Does anyone have a wiring diagram for an Eberspacher D2 heater?
It's the old one with the external control box. 

The website only has the newer one with the internal box and the wiring colours don't match upto mine.

Any help appreciated.


----------



## peejay (May 10, 2005)

Is this any good dubzi?

http://www.espar.com/pdfs/airtronic.pdf

pj


----------



## 95367 (Jun 6, 2005)

I'm afraid not.
I've been there and they only have the newer models. The set up is basically the same but the wire colours don't match. I can work out the power cables and the fuel pump ones but it's when it comes to the thermostat that I'm stumped.

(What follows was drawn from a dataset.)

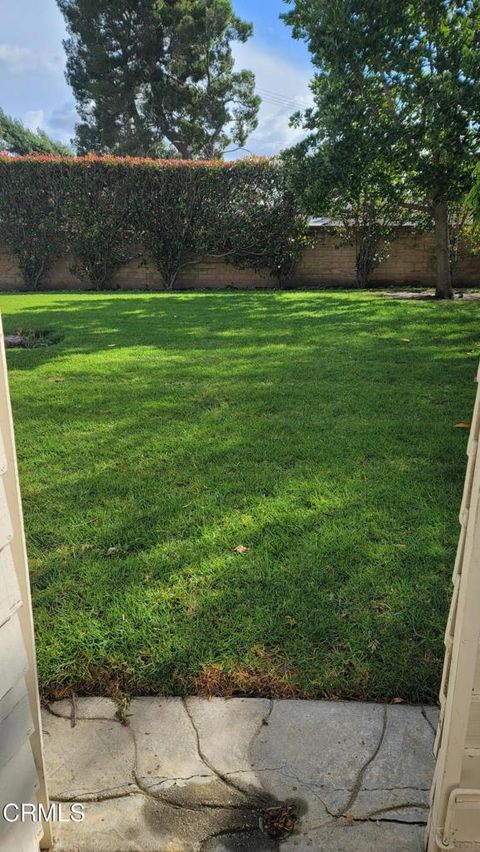 Tiny photo for 2105 Avenida San Antero Drive, Camarillo, CA 93010 (MLS # V1-34557)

Perhaps I'll just have to buy the proper loom, it's just that bits for these things cost more than bits for the Space Shuttle!

I've also realised that I got the model number wrong. It's a D3L. It's not the D3LC which has the internal control box.


----------



## 88816 (May 9, 2005)

Hi Dubzi
I have a manual for the D1L & B1L, both of these have the external control box, the wiring looms might be the same.
I have it in PDF format, but its 10Mbyte so would be to big to Email
If you give me the details I may be able to send you the rellevent parts

Termie


----------



## 95367 (Jun 6, 2005)

Hi Termie, 

It's got to be worth a try.
Do you have broadband? If so a 10mb email wouldn't be too bad.

If not, I need the wiring diagram that shows the heater connected up to an external thermostat. The problem is knowing what colour wire does what. The diagram that came with the stat assumes you are connecting to the eberspacher harness, but I'm a bit loathe to pay upwards of £30 for some bits of wire!

Any help is appreciated, cheers


----------



## 88781 (May 9, 2005)

Thursbys may help, give them a call

http://www.rthursby.co.uk/

Regards M&D


----------



## 88816 (May 9, 2005)

Hi Dubzi
Yes I have broadband, send me your Email address to 
[email protected] and I'll send it.

Termie


----------